**Task instructions**
The copy you produce must repeat each record exactly and contain no pictures.
▽
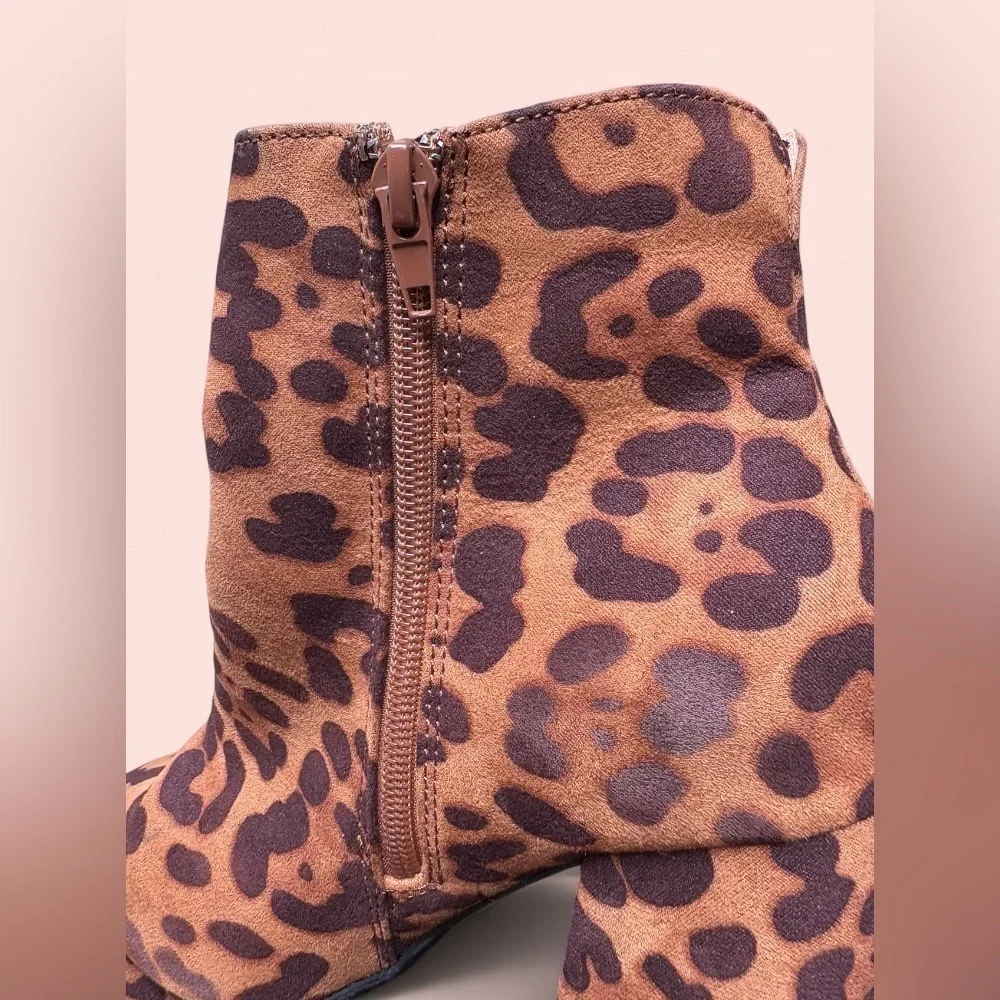 Women’s Bamboo Leopard Print Suede Heeled Booties ~ Size Women’s 7 US/ 37 EU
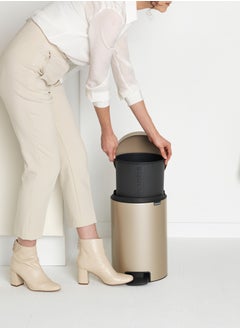 brabantia Soft Closing Pedal Bin 12 litre with Plastic Inner Bucket  - Image 4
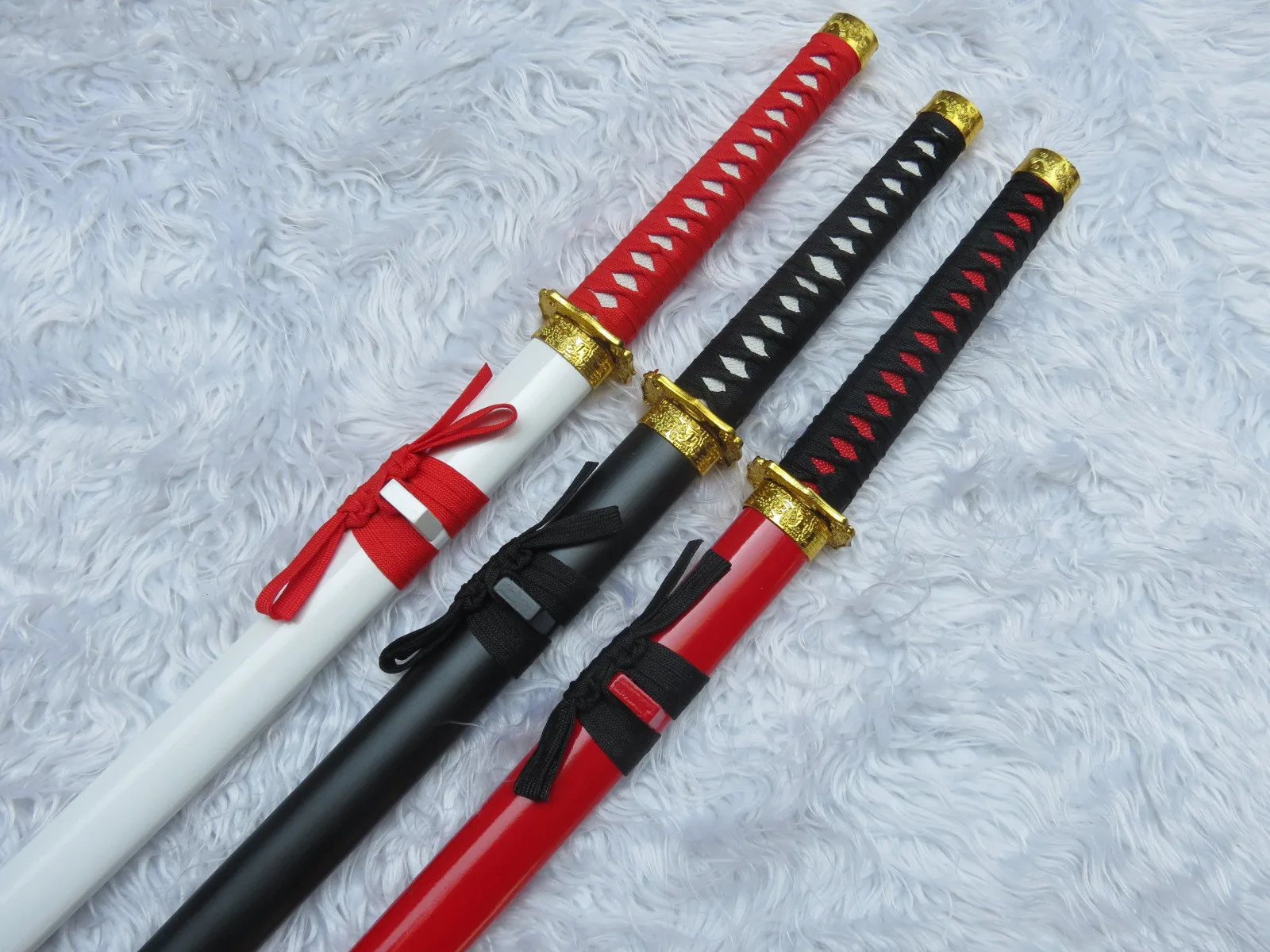 Деревянный меч персонаж-игра имитация анимация дерево черный, красный и белый трехцветный дерево самурайский меч триколор на выбор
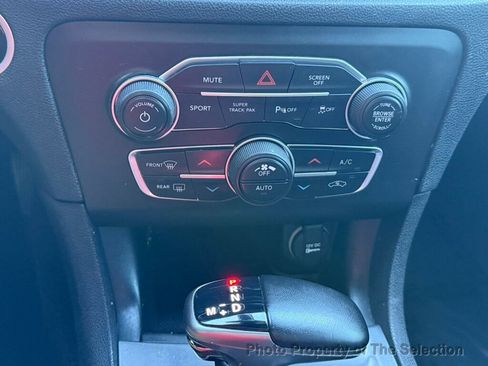 Used 2022 Dodge Charger GT image 31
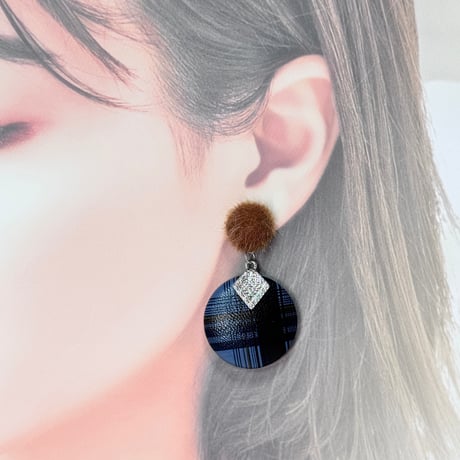 くるみファー×チェック柄ラウンドレザー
△
**Answer to the problem**
 Women’s Bamboo Leopard Print Suede Heeled Booties ~ Size Women’s 7 US/ 37 EU
 brabantia Soft Closing Pedal Bin 12 litre with Plastic Inner Bucket  - Image 4
 Деревянный меч персонаж-игра имитация анимация дерево черный, красный и белый трехцветный дерево самурайский меч триколор на выбор
 Used 2022 Dodge Charger GT image 31
 くるみファー×チェック柄ラウンドレザー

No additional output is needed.